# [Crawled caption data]
-------
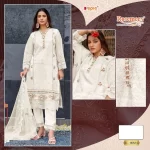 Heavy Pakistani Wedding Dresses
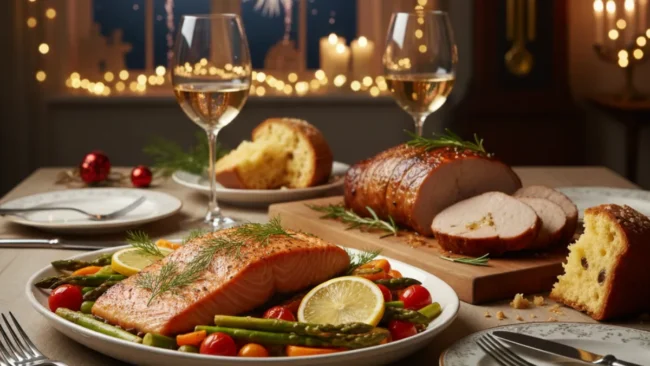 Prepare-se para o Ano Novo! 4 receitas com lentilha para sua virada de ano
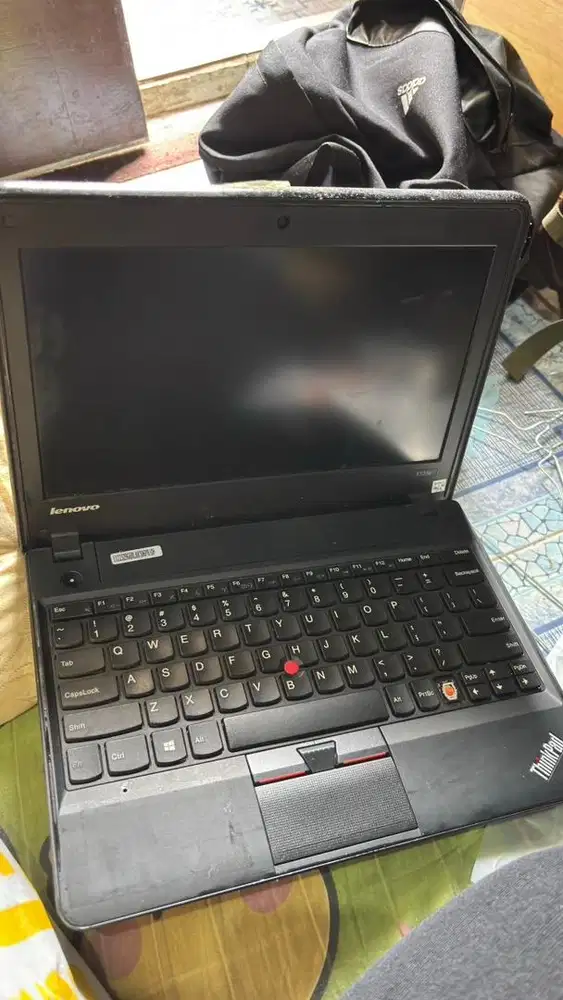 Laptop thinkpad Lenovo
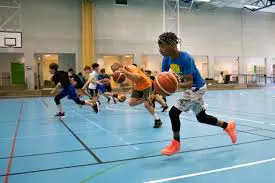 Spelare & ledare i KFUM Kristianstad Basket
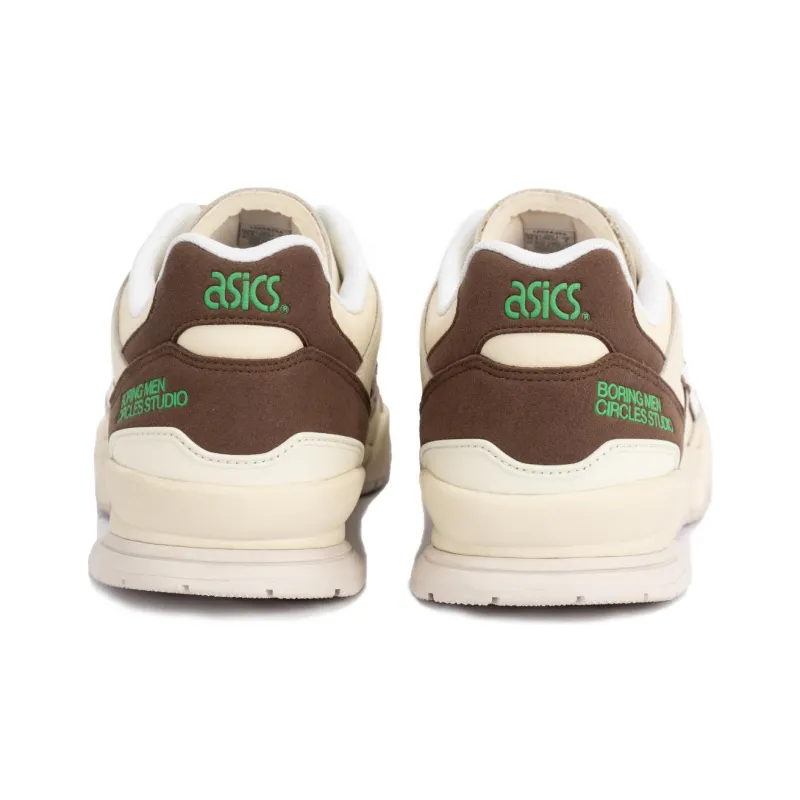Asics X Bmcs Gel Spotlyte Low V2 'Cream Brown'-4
-------
# [Exercise]
Every line above is to be written out unchanged, with the pictures omitted.

# [Task response]
 Heavy Pakistani Wedding Dresses
 Prepare-se para o Ano Novo! 4 receitas com lentilha para sua virada de ano
 Laptop thinkpad Lenovo
 Spelare & ledare i KFUM Kristianstad Basket
Asics X Bmcs Gel Spotlyte Low V2 'Cream Brown'-4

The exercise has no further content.